Data supplied –

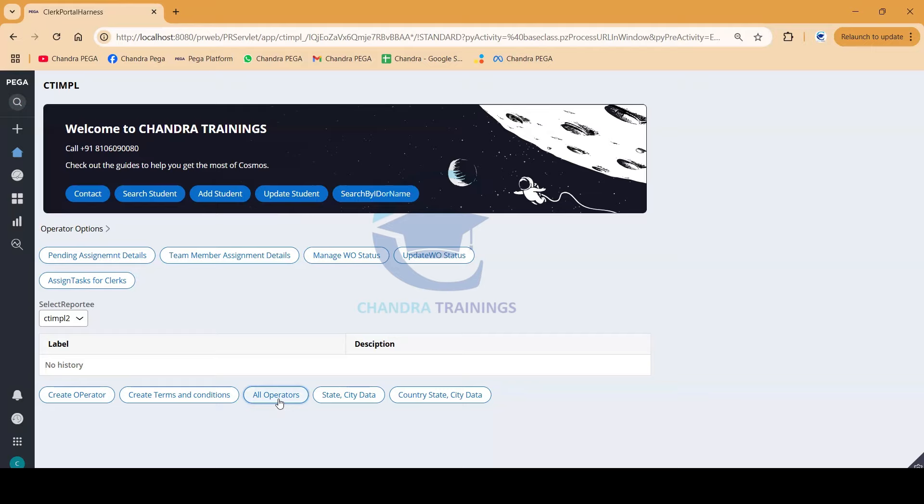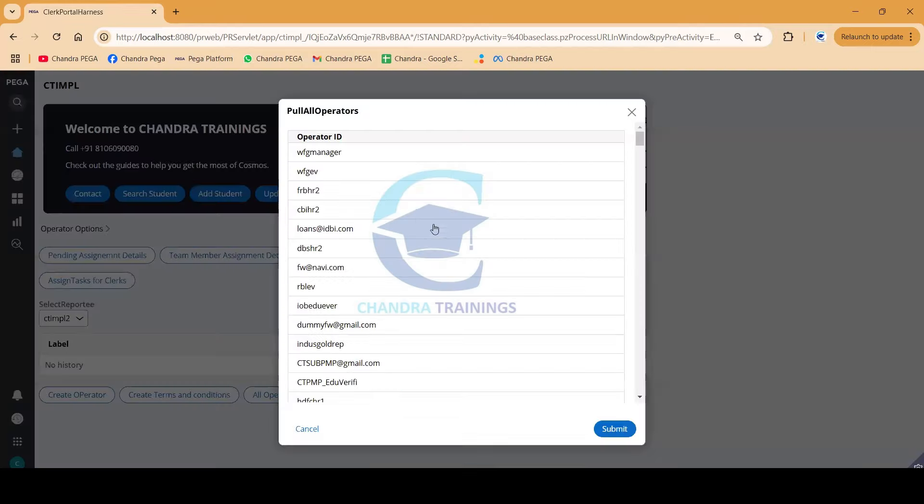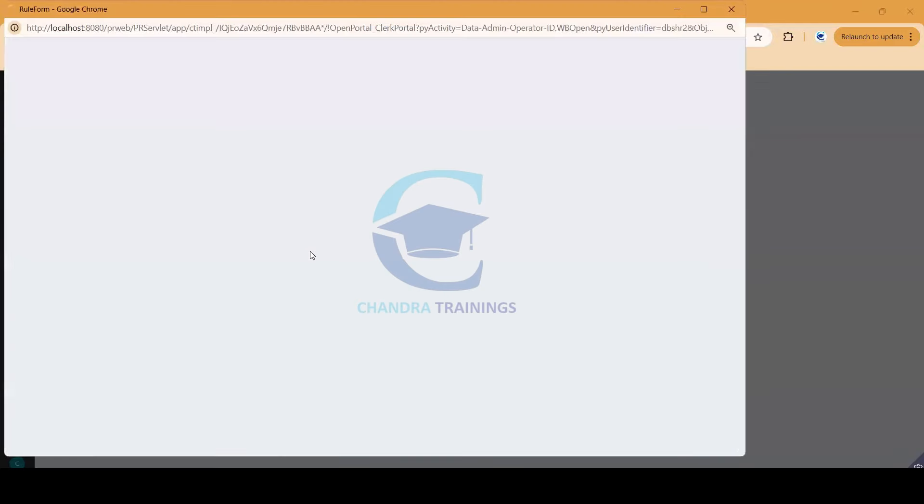I can open any individual operator ID and update their access group, work group, and change their passwords. If I open any single operator ID, you can see that the rule automatically opens up for me in a pop-up.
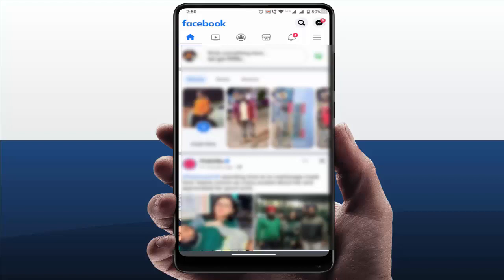Hello guys, how are you? Hope you all are doing well. Today I am back with one of the most interesting videos. In this video tutorial, we will learn how to control the playback speed of your Facebook videos on your Android device.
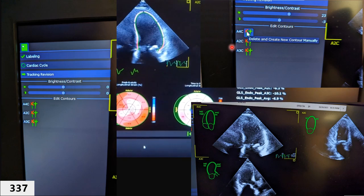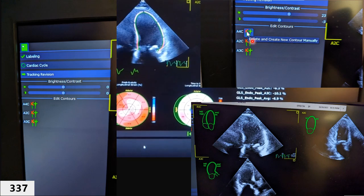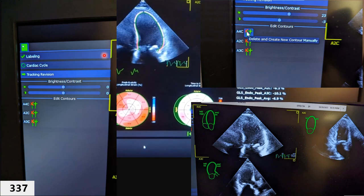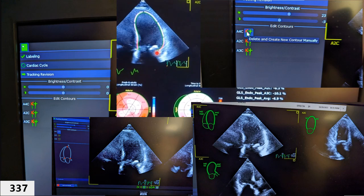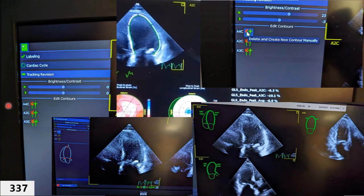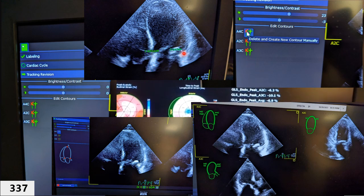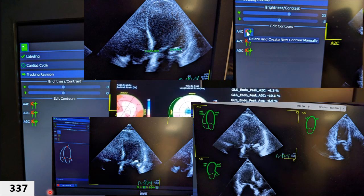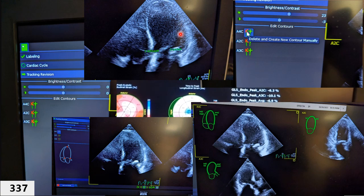Under 'Edit Contours,' you will see options for apical four, two, and three. Move the trackball to highlight the view you want to correct, for example apical four, then press Select to delete its tracing. The machine then prompts you to manually mark three points: first move the trackball to the medial annulus and press Select, then move to the lateral annulus and press Select, and finally move to the apex and press Select. After marking those three points, press Analyze and the machine will re-trace the endocardium through the cardiac cycle.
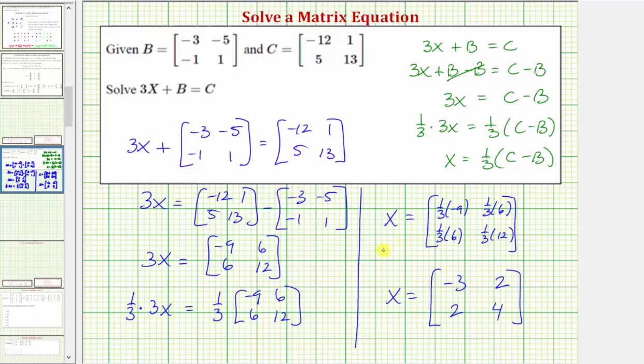So matrix x is the two by two matrix with first row negative three, two and second row two, four. This is the solution to the matrix equation. I hope you found this helpful.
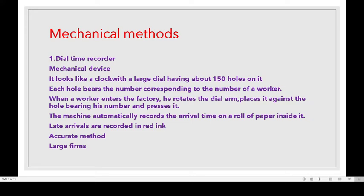The arrival time is recorded, for example at 9:30. It is an accurate method, used for large firms having a large number of workers.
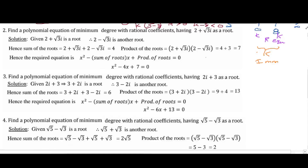This is the root. Given that 2−√3i is the root, we take 2−√3i as our root. This is the root.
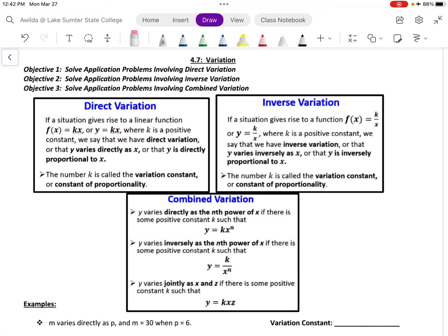In section 4.7, we will talk about different types of variation between variables. First, let's talk about direct variation. Direct variation occurs between variables when we can model the situation as the equation f of x equals a constant k times x. We can also write this as y is equal to k times x. k is a positive constant, which we'll call the variation constant or the constant of proportionality. And we say that y varies directly as x.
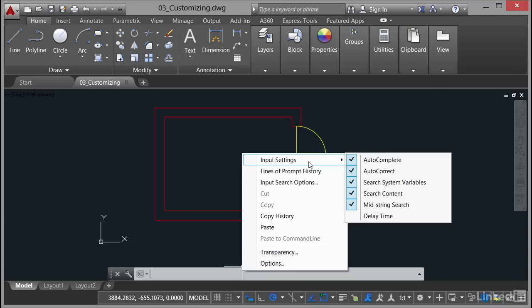Now you'll notice there's one input setting that I haven't switched on and that's the delay time. I'm not worried about delay time really, to be honest. I'd rather have it instantaneously typing up there on the command line or on the input bar on the dynamic input. So I don't tend to set that one. But that's where your input settings are.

Activity – What you should repeat exactly is the run of lines from the top of the listing above through the line with "In section 4.7, we", without pictures.

Solution to this exercise –
I can open any individual operator ID and update their access group, work group, and change their passwords. If I open any single operator ID, you can see that the rule automatically opens up for me in a pop-up.
Hello guys, how are you? Hope you all are doing well. Today I am back with one of the most interesting videos. In this video tutorial, we will learn how to control the playback speed of your Facebook videos on your Android device.
Under 'Edit Contours,' you will see options for apical four, two, and three. Move the trackball to highlight the view you want to correct, for example apical four, then press Select to delete its tracing. The machine then prompts you to manually mark three points: first move the trackball to the medial annulus and press Select, then move to the lateral annulus and press Select, and finally move to the apex and press Select. After marking those three points, press Analyze and the machine will re-trace the endocardium through the cardiac cycle.
So matrix x is the two by two matrix with first row negative three, two and second row two, four. This is the solution to the matrix equation. I hope you found this helpful.
The arrival time is recorded, for example at 9:30. It is an accurate method, used for large firms having a large number of workers.
This is the root. Given that 2−√3i is the root, we take 2−√3i as our root. This is the root.
In section 4.7, we will talk about different types of variation between variables. First, let's talk about direct variation. Direct variation occurs between variables when we can model the situation as the equation f of x equals a constant k times x. We can also write this as y is equal to k times x. k is a positive constant, which we'll call the variation constant or the constant of proportionality. And we say that y varies directly as x.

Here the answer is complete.